In The Risk It Takes to Bloom: On Life and Liberation, her anticipated memoir out November 14 from St. Martin’s Press, Willis writes poignantly about her Georgia childhood, her journalism career, and her trajectory within LGBTQ+ advocacy. Raw, honest, and vulnerable, The Risk It Takes to Bloom shows that activists like Willis do not emerge out of nothing; rather, they are shaped by their life experiences into the powerful voices they become. In the chapter “For Women Who Had a Boyhood,” Willis writes about going home during her senior year of college, when she was just “figuring out how to navigate everyday life as a woman,” to attend the funeral and burial for her Auntie Joanie in Jacksonville and Live Oak, Florida, respectively.
Below, in an exclusive excerpt from her forthcoming debut, Willis writes about navigating the complex family dynamics of early transition and about finding the “fiery resolve” that has defined her career. — Them
The Risk It Takes to Bloom by Raquel Willis
When we made it to the church, I clung to Momma as much as possible. Her presence was like a shield, and I felt like a kid relearning how to interact with everyone. Soon, Chet and his wife strolled up to the crowd we were in. We exchanged hugs but said very little. As we coalesced in front of the church, I learned that there would be a procession of the family through the congregation. Great; the last thing I needed was more eyes on me. I tried to avoid any eye contact with relatives, though I saw a few weird looks in my periphery. Soon, the pastor welcomed us all to be seated as the organ player’s tune touched our ears. He spoke of “Sister Joan” and her commitment to her faith and family. Then there was another selection, and we joined the recessional.

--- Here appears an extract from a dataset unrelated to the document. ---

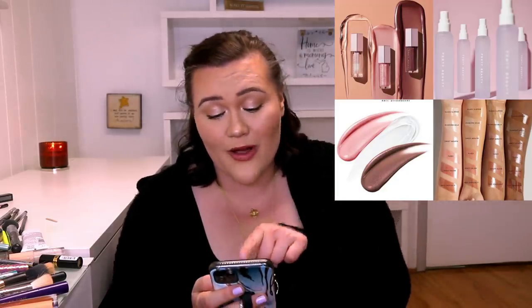Either way, that brown one — I need it and I need the clear one. Need, need, need. It's not a want, it's a need. It's a need like the air that I breathe.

As my family walked down the aisle, I saw Auntie Robyn and my uncle standing in a pew. They both had a mortified look as we passed them. My heart jolted. I hadn’t seen either of them since Dad’s death, nor had I expected my dad’s sister and her husband to attend the funeral of my mother’s sister. As we walked outside, I lay low, trying to avoid as many people as I could. Soon, Momma said she needed to go to the restroom and, seeing my fear of being left alone, she beckoned me along with her. I decided to wait outside the bathroom so as not to cause any unnecessary awkwardness. I hadn’t been clocked in a restroom in a while, but I didn’t want to take any chances with so many relatives. As I sat on a bench, I relished the lack of traffic. After a few older women left the restroom, Auntie Thelma burst into the area using my birth name while asking about Momma’s whereabouts. My temporary solace was destroyed, and embarrassment replaced the comfort I’d been seeking. I looked at her stupefied, then the older ladies stopped and looked around for this hypothetical man. But it didn’t take long for them to “get” what was going on. One of them looked at me and nervously said, “God bless you!” then shuffled away awkwardly. I was blessed, alright. I wanted to correct my auntie at the moment, but I had to excuse it and let the moment pass.
When Momma and I headed back out of the church into a small crowd, one of my distant cousins came up and said, “Well, I haven’t seen you in a while.” Yeah, clearly, I thought to myself. Instead of crumpling, I came up with a plan for anyone with a bewildered look. Before they could even mention my obvious transformation, I pivoted to discussing my upcoming college graduation. It was the perfect distraction. Just like Momma, the rest of my family cherished an educational accomplishment.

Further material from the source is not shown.